Extracted records
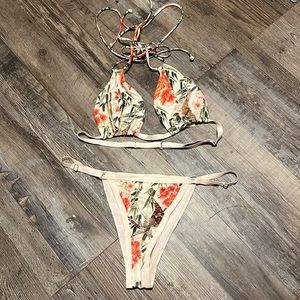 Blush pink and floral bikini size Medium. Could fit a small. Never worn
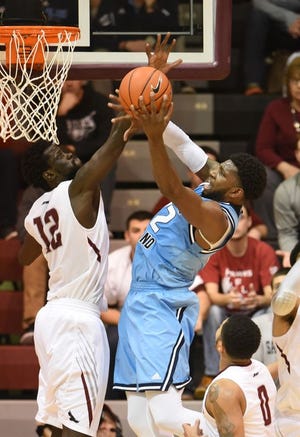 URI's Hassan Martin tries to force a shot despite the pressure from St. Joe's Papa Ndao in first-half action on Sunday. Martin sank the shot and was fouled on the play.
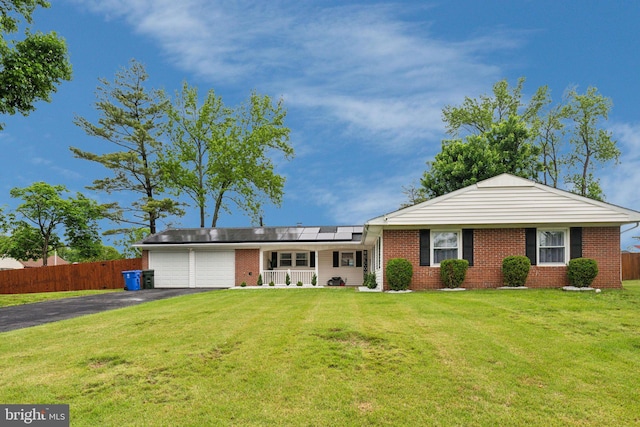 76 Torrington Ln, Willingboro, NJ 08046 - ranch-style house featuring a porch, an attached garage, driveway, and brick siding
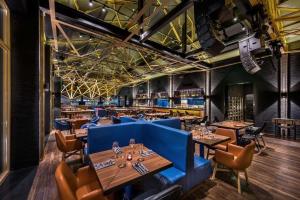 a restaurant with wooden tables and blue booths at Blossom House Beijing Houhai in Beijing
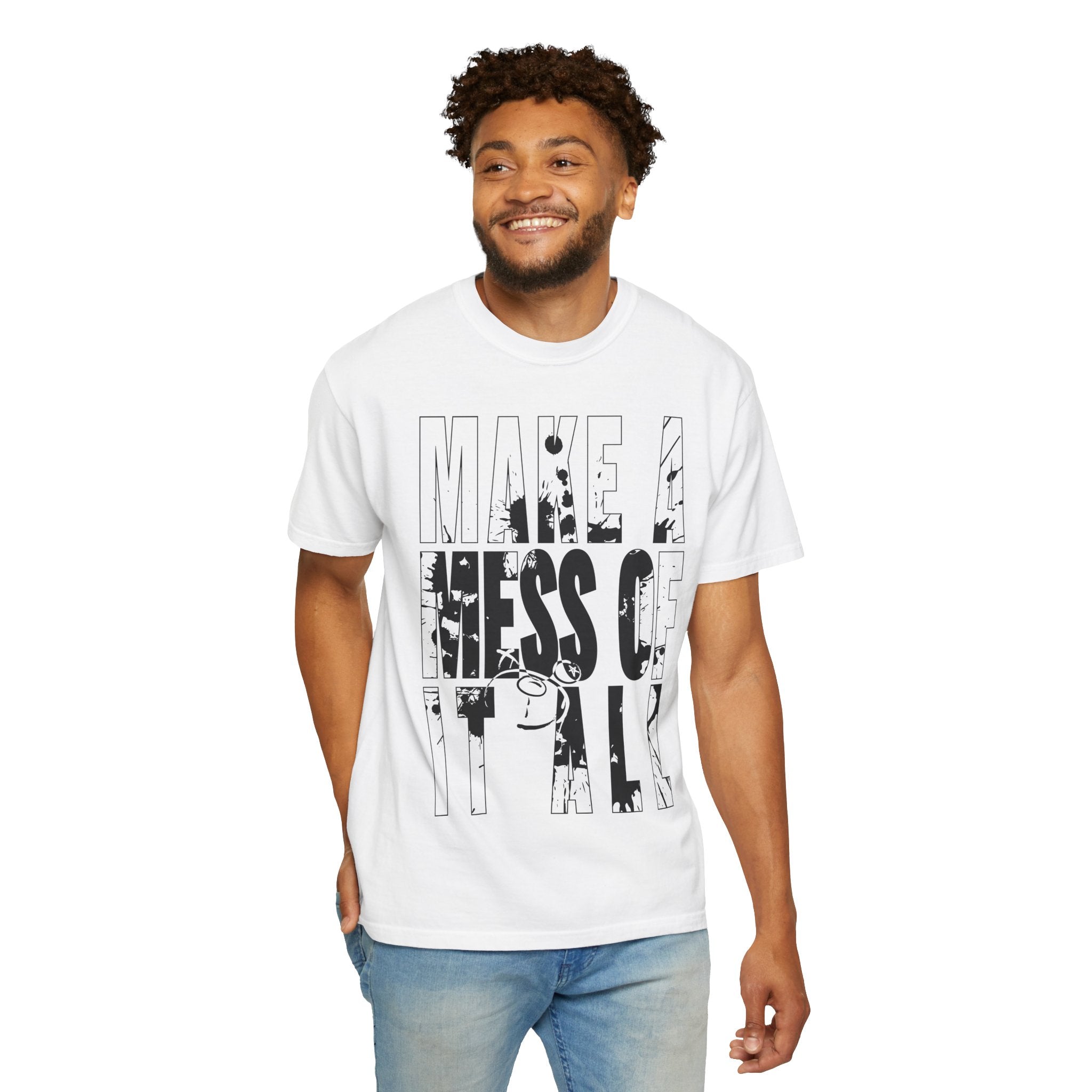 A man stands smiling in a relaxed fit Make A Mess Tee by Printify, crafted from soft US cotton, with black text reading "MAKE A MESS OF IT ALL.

Work order: Your answer must be exactly the lines from the one containing "76 Torrington Ln, Willingboro, NJ" through the last line of the records above, both included, with every picture left out.

Task result:
 76 Torrington Ln, Willingboro, NJ 08046 - ranch-style house featuring a porch, an attached garage, driveway, and brick siding
 a restaurant with wooden tables and blue booths at Blossom House Beijing Houhai in Beijing
 A man stands smiling in a relaxed fit Make A Mess Tee by Printify, crafted from soft US cotton, with black text reading "MAKE A MESS OF IT ALL.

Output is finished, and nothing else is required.